Pour Pâques, il est de tradition aux Antilles de déguster en famille et entre amis

un bon « matoutou » de crabes bien relevé. Idéalement,

ce plat traditionnel se mange sur une plage, le Lundi de pâques et/ou le Lundi de Pentecôte.

Mais avant que Monsieur Crabe de terre ne finisse dans le faitout,

il y a tout un protocole à suivre !

 

 

Déjà, il faut aller le pêcher quelques semaines à l’avance. La chasse au crabe en Martinique est réglementée, l’ouverture officielle commence le jeudi suivant le mercredi des Cendres et est autorisée jusqu’au 15 juillet, pour des crustacés de plus de 7 cm.

 

C’est grâce à mon ami Dimitri que j’ai pu « participer » à une chasse à bêtes à pinces sur la commune de Sainte-Anne. Le lieu est un terrain familial destiné à l’élevage de bœufs et il est, par chance, traversé par un petit cours d’eau marécageux. 

 

 

Chaque année, cette famille, propriétaire des lieux, se retrouve ici pour attraper des crabes. Gérald, mon guide pour l’occasion, me raconte qu’il fait cela depuis tout petit avec son grand-père. Il a à cœur de perdurer cette tradition même si la génération actuelle est un peu réticente. Les amis sont donc conviés pour « l’ambiance » car la pêche aux crabes dure toute la nuit et après avoir posé les premières ratières, tous se retrouvent autour d’un grand feu (qui éloigne les moustiques 😅) pour un pique-nique à la belle étoile avant la levée des premiers pièges… Mais je vais un peu trop vite…

 

Rustique la chasse au crabe de terre a gardé sa valeur et son authenticité,

je me dois de vous livrer ici plus de détails…

 

 

Le crabe de terre a une couleur variable suivant l’âge (du bleuté à gris blanchâtre), pouvant atteindre jusqu’à 12 cm, de carapace épaisse, lisse et fortement bombée. Son goût reste bien différent et bien plus prononcé que le bien connu tourteau.

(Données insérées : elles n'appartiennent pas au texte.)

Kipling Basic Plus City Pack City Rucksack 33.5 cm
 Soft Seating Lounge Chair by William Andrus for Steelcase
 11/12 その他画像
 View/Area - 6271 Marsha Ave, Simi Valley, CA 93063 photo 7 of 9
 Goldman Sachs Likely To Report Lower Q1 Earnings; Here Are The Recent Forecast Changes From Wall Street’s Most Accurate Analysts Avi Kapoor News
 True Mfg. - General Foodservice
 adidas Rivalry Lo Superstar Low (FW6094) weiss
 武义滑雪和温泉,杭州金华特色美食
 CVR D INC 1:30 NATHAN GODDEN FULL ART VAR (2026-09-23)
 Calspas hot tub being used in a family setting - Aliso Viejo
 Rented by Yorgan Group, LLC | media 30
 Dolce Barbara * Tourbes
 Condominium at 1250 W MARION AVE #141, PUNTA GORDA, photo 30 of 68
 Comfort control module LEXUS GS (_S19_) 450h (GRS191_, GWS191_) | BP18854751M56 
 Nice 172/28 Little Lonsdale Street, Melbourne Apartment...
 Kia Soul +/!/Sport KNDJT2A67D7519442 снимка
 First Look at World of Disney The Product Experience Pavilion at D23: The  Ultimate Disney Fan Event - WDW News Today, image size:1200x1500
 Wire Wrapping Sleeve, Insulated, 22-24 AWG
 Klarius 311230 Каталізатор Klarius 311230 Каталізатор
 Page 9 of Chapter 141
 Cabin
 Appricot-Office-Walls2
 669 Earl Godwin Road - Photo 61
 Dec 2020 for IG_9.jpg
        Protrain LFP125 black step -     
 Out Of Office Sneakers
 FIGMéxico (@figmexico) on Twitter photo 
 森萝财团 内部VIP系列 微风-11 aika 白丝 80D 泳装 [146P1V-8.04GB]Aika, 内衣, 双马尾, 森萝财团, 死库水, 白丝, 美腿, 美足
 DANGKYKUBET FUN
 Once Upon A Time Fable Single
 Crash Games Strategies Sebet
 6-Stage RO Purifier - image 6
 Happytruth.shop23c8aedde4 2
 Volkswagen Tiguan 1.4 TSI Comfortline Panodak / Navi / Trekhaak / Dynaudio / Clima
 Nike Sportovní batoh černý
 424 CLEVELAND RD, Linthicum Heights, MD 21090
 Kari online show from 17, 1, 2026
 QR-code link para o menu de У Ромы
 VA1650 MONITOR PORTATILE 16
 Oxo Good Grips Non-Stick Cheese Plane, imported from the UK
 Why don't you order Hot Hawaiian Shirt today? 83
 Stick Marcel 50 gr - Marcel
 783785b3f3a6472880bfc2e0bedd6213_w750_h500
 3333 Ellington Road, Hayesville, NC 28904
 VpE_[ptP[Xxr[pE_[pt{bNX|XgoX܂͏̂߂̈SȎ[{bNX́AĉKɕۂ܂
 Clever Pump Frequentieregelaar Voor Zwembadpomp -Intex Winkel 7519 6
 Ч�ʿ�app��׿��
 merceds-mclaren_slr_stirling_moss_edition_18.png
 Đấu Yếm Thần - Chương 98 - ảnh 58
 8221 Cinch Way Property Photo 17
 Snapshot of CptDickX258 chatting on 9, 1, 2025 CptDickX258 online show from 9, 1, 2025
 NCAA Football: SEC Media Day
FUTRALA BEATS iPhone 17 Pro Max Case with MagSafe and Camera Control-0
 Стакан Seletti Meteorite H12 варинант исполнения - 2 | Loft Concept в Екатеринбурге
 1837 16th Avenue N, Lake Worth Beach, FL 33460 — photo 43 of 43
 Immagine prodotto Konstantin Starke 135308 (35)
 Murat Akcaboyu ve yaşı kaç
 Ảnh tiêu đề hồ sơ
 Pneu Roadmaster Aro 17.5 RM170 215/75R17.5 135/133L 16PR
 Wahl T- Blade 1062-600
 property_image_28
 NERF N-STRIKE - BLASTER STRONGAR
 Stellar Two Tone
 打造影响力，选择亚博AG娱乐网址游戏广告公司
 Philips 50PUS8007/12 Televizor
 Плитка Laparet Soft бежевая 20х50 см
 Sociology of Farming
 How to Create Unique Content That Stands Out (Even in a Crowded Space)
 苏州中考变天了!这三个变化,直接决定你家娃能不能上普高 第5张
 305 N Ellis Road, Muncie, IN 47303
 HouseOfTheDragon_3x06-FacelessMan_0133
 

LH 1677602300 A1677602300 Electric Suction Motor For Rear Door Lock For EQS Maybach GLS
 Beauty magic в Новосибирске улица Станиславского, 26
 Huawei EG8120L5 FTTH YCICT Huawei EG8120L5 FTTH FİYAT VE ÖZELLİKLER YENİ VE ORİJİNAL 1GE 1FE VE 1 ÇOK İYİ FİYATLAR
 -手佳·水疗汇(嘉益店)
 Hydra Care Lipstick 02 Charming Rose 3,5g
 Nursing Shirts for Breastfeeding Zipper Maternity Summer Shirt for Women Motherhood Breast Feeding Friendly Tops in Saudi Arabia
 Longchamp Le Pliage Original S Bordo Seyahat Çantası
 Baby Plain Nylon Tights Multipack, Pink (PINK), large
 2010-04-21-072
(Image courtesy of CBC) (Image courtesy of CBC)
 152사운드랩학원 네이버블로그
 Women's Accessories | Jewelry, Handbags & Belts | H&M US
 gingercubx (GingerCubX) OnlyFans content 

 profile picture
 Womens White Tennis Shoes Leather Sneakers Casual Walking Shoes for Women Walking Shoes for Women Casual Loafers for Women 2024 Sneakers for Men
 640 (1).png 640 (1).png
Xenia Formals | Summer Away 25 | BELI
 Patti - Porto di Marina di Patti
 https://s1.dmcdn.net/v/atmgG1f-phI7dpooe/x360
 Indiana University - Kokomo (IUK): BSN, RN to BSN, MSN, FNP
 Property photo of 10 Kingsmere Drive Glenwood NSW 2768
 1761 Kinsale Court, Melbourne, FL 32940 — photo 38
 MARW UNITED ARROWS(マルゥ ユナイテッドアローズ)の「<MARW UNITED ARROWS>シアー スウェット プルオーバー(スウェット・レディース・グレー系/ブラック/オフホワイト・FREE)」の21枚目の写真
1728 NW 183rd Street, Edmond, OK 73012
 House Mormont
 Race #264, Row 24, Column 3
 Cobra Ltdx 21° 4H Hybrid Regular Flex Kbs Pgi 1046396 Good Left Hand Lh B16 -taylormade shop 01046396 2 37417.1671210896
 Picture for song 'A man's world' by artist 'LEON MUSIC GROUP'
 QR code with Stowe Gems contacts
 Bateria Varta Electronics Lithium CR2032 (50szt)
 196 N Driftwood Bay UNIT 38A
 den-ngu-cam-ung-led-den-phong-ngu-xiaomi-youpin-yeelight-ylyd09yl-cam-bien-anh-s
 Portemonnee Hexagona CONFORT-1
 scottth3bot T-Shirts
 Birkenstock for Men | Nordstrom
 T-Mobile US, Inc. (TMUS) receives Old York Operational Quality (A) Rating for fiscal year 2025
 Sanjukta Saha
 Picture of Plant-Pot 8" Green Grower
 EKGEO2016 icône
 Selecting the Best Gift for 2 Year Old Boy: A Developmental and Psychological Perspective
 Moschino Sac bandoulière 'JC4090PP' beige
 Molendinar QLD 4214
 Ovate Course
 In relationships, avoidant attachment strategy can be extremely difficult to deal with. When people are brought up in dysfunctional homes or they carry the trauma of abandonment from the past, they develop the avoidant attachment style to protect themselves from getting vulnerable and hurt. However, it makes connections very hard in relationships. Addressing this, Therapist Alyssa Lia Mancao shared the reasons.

Il vit et se capture dans les champs de canne ou de bananes, dans les sous-bois, le long des plages, mais surtout dans les mangroves et les savanes détrempées. Il demeure là où il trouve une nappe d’eau souterraine qui lui permet de garder ses branchies humides. 

 

 

C’est vêtu d’un chapeau, de bottes et de gants que l’on part en chasse. La lampe torche et les sacs qui accueilleront nos crustacés vivants sont eux aussi indispensables ! On repère facilement un crabe grâce au terrier qu’il creuse dans le sol. Plus le trou est gros, plus le crabe le sera lui aussi. Il faut ensuite s’assurer que le trou est habité. Pour cela, il faut observer s’il y a un monticule de vase autour du trou, ou alors quelques crottes et quelques brindilles à l’intérieur, signe que le crabe apporte de la nourriture. Si tel est le cas, on place une ratière bien au-dessus. « Zatrap » (ratières) que tout bon chasseur doit fabriquer lui-même avec des planches et des clous.

 

 

Pour appâter les crabes, on glisse à l’intérieur un peu de « bwa mangé » sur un crochet en fer : un morceau de canne à sucre, de corossol ou de papaye. Lorsque le crabe tire sur l’appât, le couvercle du piège se referme. Une languette bloque alors l’ouverture de la trappe. On dépose aussi une pierre assez lourde sur le dessus pour stabiliser l’ensemble fermement. Il faut aussi caler la ratière sur les côtés. Comme le crabe va essayer de sortir, il serait dommage qu’elle se renverse ! Lorsqu’il n’y a pas de pierre à proximité, un monticule de terre fait aussi très bien l’affaire. Mais, et on voit là l’expert, Gérald préfère dans ce cas-là assurer sa solidité et place en plus deux feuilles sur le dessus. Ainsi, s’il se met à pleuvoir, il y a moins de risque que la terre ne s'écroule !!!

 

 

Durant la soirée, de 16h à 18h30, chacun s’affaire, ratière après ratière, à combler un maximum de trou. Lorsque tout est en place, que les nombreuses dizaines de ratières sont posées, il ne reste plus à attendre. En effet, c’est la nuit que les crabes sortent pour se nourrir. La pêche durera donc jusqu’au petit matin. Il se fera plusieurs « levées » de ratières durant la nuit.

 

Quand un crabe est attrapé, on le met vivant dans un grand sac appelé « bwano » et on repose le piège à un autre endroit, cette fois-ci à la lumière d’une lampe torche.

 

Si la pêche a été bonne, plus de 200 crabes peuvent être attrapés en une nuit !

 

S’en suit alors une période de jeûne pour ces Messieurs les crabes. Se nourrissant d’éléments très divers et étant aussi des charognards, il est donc impératif de passer par cette étape de « purge » pour ne pas tomber malade après les avoir mangés. On les nourrit avec des feuilles de fruit à pain séchées, de la paille kan sec (canne à sucre séchée), de la noix de coco…

 

Les crabes sont prêts à être consommés en « matoutou » lorsqu’ils ont perdu tous leurs poils sur leurs pattes. On peut aussi les engraisser avec du maïs et leur donner du piment une semaine avant de les consommer afin d’améliorer la saveur de leur chaire. 

 

Si vous n’allez pas pêcher des crabes, vous pourrez en acheter sur les marchés, sur le bord des routes et chez les pêcheurs entre 2,50 € et 4,00 € pièce. 

 

 

Petit retour en arrière historique :

Selon l’historienne Cécile Celma, le crabe était consommé quasi quotidiennement par les Amérindiens. Il faisait partie des éléments de base du premier repas de la journée.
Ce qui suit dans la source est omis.